Duas notícias da semana que termina colocam a nova "guerra fria" que se esboça entre as grandes potências em um patamar mais elevado — bem mais. Primeiro, foi a China que anunciou o lançamento bem-sucedido do segundo módulo da estação que está montando em órbita. O terceiro e último deve decolar até o fim do ano. Dias depois, a Rússia anunciou que se desligará do programa da Estação Espacial Internacional, que divide com os EUA e outros parceiros desde 1998, para construir uma própria.
Neste último caso, é difícil não ver correlação entre o divórcio nas alturas e as desavenças terrestres em torno da guerra na Ucrânia. Seja como for, ambos os movimentos parecem assinalar o fim, ou ao menos uma interrupção de prazo indeterminado, na era de cooperação espacial que se esboçou desde a etapa final da Guerra Fria entre EUA e União Soviética e ganhou corpo na virada para o século 21.
O módulo internacional tem previsão de operar até 2030, embora o contrato entre entre americanos, russos e os demais sócios — Europa, Japão e Canadá — tenha validade até 2025. Nesse meio tempo, as agências espaciais dos remanescentes terão de encontrar alternativas para as funções a cargo de Moscou, como o transporte das tripulações e a propulsão acionada a intervalos para que a estação se mantenha na órbita programada.

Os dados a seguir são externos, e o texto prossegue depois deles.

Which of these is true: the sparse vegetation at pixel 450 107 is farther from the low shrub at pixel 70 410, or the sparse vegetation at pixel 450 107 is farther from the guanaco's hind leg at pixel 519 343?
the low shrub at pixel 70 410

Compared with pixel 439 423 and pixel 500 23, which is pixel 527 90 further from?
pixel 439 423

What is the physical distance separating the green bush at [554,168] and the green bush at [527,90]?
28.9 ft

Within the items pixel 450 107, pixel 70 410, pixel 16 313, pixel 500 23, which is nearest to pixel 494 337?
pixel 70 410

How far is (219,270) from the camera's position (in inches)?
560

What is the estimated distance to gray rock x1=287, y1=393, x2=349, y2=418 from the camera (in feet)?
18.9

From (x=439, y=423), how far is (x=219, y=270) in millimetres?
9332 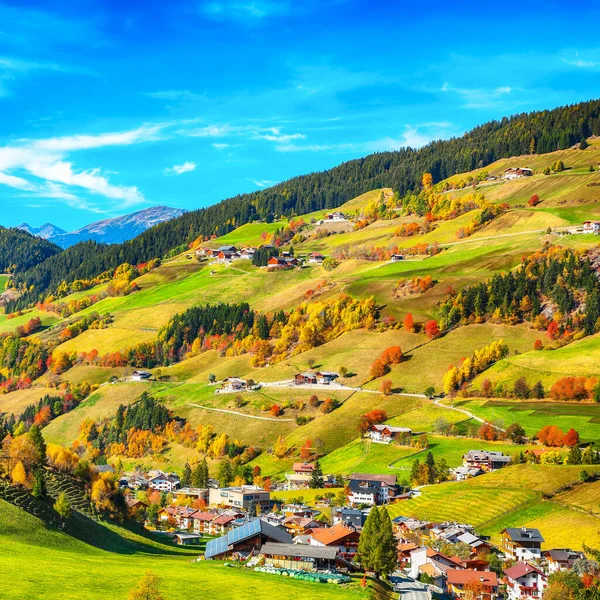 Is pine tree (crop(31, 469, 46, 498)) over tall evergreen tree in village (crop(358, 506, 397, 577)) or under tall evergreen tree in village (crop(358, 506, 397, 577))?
over

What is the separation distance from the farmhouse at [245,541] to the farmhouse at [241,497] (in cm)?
5160

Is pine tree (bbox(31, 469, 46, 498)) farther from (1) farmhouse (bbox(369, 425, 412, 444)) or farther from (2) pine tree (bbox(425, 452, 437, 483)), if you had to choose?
(1) farmhouse (bbox(369, 425, 412, 444))

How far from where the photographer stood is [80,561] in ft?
214

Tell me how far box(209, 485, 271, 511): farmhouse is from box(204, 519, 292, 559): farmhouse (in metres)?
51.6

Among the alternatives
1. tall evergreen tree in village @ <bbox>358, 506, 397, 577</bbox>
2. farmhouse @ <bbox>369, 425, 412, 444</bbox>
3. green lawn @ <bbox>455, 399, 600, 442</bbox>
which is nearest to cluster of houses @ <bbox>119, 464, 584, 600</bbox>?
tall evergreen tree in village @ <bbox>358, 506, 397, 577</bbox>

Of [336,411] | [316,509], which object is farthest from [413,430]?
[316,509]

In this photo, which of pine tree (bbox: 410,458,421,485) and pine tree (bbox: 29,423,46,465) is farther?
pine tree (bbox: 410,458,421,485)

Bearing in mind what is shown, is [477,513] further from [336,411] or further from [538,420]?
[336,411]

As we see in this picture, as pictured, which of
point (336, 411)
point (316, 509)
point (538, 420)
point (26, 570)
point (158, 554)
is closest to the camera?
point (26, 570)

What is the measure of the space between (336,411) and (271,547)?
105m

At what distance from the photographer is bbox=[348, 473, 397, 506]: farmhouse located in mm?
131000

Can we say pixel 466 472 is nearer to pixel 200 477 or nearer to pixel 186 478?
pixel 200 477

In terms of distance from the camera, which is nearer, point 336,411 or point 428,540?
point 428,540

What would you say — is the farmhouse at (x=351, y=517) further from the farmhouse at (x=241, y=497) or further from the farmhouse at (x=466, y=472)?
the farmhouse at (x=466, y=472) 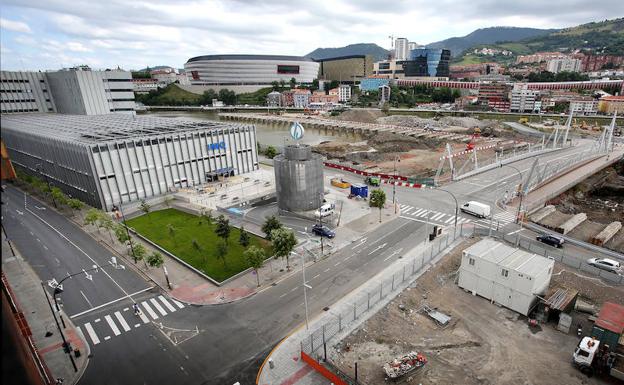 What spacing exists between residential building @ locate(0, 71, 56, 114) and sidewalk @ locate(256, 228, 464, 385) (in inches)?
5118

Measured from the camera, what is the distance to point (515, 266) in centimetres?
3152

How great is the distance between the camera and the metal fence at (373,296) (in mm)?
28359

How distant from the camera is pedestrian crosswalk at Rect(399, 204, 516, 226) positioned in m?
51.7

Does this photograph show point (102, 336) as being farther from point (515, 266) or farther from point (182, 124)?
point (182, 124)

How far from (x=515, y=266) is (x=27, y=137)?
8988 cm

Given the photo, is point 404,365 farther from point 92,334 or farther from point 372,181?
point 372,181

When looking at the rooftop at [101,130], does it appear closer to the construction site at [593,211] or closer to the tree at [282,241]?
the tree at [282,241]

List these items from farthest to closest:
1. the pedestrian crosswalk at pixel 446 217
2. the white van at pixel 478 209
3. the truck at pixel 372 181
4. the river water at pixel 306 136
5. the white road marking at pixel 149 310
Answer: the river water at pixel 306 136 → the truck at pixel 372 181 → the white van at pixel 478 209 → the pedestrian crosswalk at pixel 446 217 → the white road marking at pixel 149 310

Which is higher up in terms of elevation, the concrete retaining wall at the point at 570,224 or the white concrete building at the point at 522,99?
the white concrete building at the point at 522,99

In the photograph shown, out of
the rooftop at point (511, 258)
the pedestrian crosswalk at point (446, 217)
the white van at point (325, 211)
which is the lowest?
the pedestrian crosswalk at point (446, 217)

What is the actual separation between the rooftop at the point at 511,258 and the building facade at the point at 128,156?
5358cm

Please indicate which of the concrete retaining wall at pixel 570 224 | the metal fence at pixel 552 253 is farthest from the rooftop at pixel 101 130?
the concrete retaining wall at pixel 570 224

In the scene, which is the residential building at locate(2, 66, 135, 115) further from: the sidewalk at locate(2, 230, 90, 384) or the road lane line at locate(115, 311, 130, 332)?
the road lane line at locate(115, 311, 130, 332)

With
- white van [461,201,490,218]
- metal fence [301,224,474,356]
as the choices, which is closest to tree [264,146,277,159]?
white van [461,201,490,218] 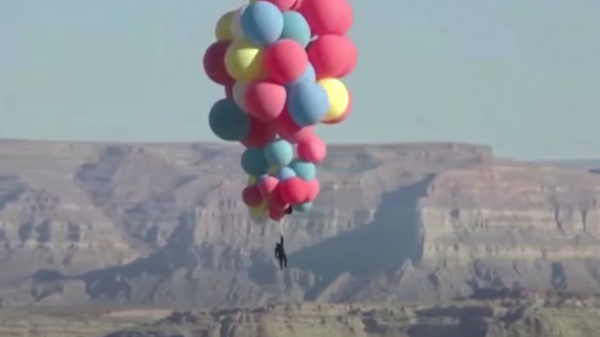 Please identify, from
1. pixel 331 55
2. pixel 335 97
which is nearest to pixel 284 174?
pixel 335 97

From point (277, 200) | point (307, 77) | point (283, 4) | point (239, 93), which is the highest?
point (283, 4)

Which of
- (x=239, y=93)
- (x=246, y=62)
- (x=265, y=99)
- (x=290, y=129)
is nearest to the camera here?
(x=265, y=99)

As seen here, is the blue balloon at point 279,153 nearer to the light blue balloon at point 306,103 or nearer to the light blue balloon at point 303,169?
the light blue balloon at point 303,169

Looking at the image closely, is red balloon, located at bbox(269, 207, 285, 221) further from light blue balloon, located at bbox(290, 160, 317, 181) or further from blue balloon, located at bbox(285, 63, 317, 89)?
blue balloon, located at bbox(285, 63, 317, 89)

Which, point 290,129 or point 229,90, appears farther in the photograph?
point 229,90

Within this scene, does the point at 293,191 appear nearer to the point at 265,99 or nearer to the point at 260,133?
the point at 260,133

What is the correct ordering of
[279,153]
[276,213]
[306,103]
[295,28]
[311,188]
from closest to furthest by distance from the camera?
[306,103], [295,28], [279,153], [311,188], [276,213]

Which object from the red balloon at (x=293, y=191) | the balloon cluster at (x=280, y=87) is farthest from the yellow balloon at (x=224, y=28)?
the red balloon at (x=293, y=191) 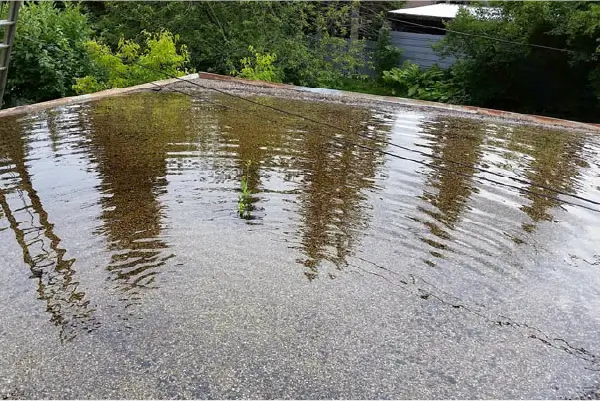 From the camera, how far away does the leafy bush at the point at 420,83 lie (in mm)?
12734

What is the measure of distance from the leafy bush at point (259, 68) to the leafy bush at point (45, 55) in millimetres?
3095

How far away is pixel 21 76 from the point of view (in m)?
7.73

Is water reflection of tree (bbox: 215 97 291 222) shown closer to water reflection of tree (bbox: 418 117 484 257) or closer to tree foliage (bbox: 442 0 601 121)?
water reflection of tree (bbox: 418 117 484 257)

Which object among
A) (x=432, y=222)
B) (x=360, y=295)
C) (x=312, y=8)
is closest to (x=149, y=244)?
(x=360, y=295)

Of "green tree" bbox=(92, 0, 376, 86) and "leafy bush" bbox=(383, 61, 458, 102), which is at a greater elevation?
"green tree" bbox=(92, 0, 376, 86)

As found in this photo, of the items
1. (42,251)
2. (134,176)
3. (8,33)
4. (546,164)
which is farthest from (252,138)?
(8,33)

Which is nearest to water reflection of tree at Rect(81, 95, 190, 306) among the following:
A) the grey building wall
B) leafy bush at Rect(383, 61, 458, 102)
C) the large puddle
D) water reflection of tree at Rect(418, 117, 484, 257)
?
the large puddle

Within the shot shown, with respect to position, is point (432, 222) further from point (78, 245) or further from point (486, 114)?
point (486, 114)

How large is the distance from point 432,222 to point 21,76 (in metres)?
6.54

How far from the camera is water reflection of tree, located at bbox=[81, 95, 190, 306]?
3.28 metres

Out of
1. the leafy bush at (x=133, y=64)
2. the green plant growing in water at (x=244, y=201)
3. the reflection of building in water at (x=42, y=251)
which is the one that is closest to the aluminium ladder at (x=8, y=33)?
the reflection of building in water at (x=42, y=251)

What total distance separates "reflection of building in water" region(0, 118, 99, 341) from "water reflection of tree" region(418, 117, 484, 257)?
89.5 inches

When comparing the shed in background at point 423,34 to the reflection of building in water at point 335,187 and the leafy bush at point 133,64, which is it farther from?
the reflection of building in water at point 335,187

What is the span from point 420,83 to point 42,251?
38.7ft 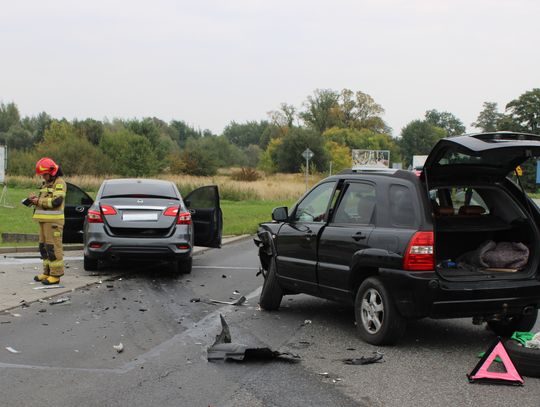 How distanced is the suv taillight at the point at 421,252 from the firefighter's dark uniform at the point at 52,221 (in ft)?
18.0

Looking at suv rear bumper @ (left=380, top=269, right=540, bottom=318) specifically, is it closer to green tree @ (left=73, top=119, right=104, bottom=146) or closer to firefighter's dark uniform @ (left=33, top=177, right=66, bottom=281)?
firefighter's dark uniform @ (left=33, top=177, right=66, bottom=281)

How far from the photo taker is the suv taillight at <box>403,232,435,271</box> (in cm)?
601

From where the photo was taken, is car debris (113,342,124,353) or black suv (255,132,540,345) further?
car debris (113,342,124,353)

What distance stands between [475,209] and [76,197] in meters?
7.17

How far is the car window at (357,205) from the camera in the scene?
6738 millimetres

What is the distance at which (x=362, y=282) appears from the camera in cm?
665

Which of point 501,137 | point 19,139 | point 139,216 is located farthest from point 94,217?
point 19,139

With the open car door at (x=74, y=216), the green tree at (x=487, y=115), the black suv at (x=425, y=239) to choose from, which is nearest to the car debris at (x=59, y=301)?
the black suv at (x=425, y=239)

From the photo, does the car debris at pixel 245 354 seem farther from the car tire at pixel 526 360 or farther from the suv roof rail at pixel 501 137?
the suv roof rail at pixel 501 137

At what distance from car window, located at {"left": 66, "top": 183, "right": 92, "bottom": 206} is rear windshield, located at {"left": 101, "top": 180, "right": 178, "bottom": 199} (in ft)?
1.84


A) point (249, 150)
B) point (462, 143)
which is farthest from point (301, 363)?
point (249, 150)

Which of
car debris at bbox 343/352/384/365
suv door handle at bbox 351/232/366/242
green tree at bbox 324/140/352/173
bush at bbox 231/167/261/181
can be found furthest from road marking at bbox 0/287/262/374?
green tree at bbox 324/140/352/173

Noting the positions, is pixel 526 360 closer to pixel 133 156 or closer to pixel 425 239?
pixel 425 239

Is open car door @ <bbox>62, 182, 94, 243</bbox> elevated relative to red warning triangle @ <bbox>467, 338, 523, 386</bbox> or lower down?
elevated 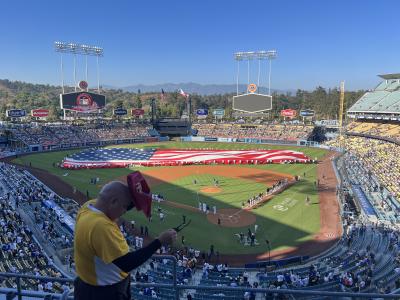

Nos próximos anos, além de Rússia e China, também a Índia planeja uma instalação própria — o horizonte é 2030. E, assim como todos os demais, além de Coreia do Sul e Emirados Árabes Unidos, trabalha para enviar missões à Lua.
Não é o limite
Como parte de seu esforço em múltiplas direções para se firmar entre as superpotências dos anos 2000, a China projeta ter seu Palácio Celestial a postos para substituir a Estação Internacional a partir de 2031. Mas a órbita da Terra não é o limite das ambições nutridas e cultivadas em Pequim. Ainda em 2030, a meta é levar astronautas para a Lua, repetindo feito até agora exclusivo dos EUA e da extinta URSS — justamente os dois países que chegaram também a ter instalações tripuladas permanentes no espaço.
Corrida a dois
A etapa das estações espaciais não foi a primeira da corrida espacial travada entre EUA e URSS desde o lançamento do satélite soviético Sputnik, o primeiro objeto de fabricação humana a ser colocado na órbita do planeta, em 1957. Quatro anos depois, Yuri Gagarin tornou-se o primeiro ser humano a viajar para o espaço. Em resposta, John F. Kennedy lançou o desafio para a Nasa de fazer do país o pioneiro na conquista da Lua. JFK não viveu para ver Neil Armstrong descer do módulo lunar da Apollo 11, com transmissão ao vivo por tevê para todo o mundo, e anunciar: "Um pequeno passo para um homem, um salto gigantesco para a humanidade".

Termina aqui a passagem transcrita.